The solution I generally ended up going with was to use a "consumptive" API, where operations consume the transaction, and if they succeed, they pass the transaction back in a tuple in the return value along with the operation's successful result. If they fail, they rollback and consume the transaction.
It seems odd to me that there's no way to track or disable implicit drops. It seems like that could be a rustc directive, and potentially useful for being really stingy about allocations or something.
Yeah, that’s exactly the thing I noticed, too when writing
The API involves a type that you shall not drop implicitly, but also all other functions return Result values, and thus seem to encourage error propagation. This is further shown in example code in the crate documentation itself like
let txn_client = TransactionClient::new(vec!["127.0.0.1:2379"]).await?;
let mut txn = txn_client.begin_optimistic().await?;
txn.put("key".to_owned(), "value".to_owned()).await?;
let value = txn.get("key".to_owned()).await?;
txn.commit().await?;
from the main page. But then again, perhaps the implementation is such that in an Err case, the Transaction is always left in a state that you are allowed to just drop? I don’t know!

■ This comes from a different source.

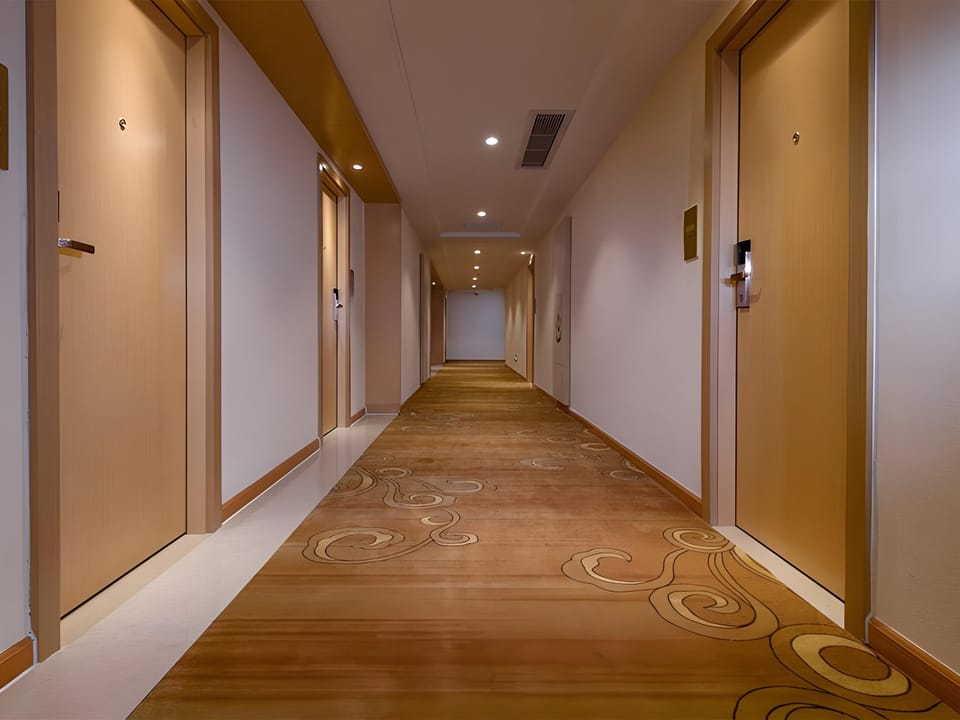 Vienna 3 Best Hotel Dongguan Shipai Bus Station Hotel in Guangzhou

Really, the documentation does a bad job at explaining the things you must pay attention to w.r.t. dropping Transaction (or I haven’t found the place yet where it is properly documented.)
Is there some way to make a compiler error if a given function is called? If so, you could implement Drop with that directive inside it to have some form of implicit drop tracking.
IDK… maybe in some hacky way? I believe I’ve seen mentions of linker tricks or the like to try to prove statically a lack of panic paths. Even then, the problem is that the compiler can still consider control flow paths that are impossible to happen in practice. Similar to how like a function only called in an if false { … } is usually still considered used, and really only after optimization, such code paths might disappear.
Realistically, the answer is probably just no, there’s no way to do such implicit drop tracking, otherwise some “linear types” feature wouldn’t be so nontrivial, either.
A common idea for statically ensuring drops is callback-style APIs. Instead of constructing a Foo, you just hand out &Foo in a call-back. So fn construct_foo() -> Foo becomes fn construct_foo(impl FnOnce(&Foo)). However, once async is involved, callbacks are also not very neat anymore (as long as proper async closures don’t exist yet). (Also they don’t fully guarantee skipping drops anymore, as the returned Future could be polled a few times, but not completed, and then leaked. But your goal here was just to avoid accidentally forgetting the drop, so that completely hard guarantees for soundness is not really a concern.)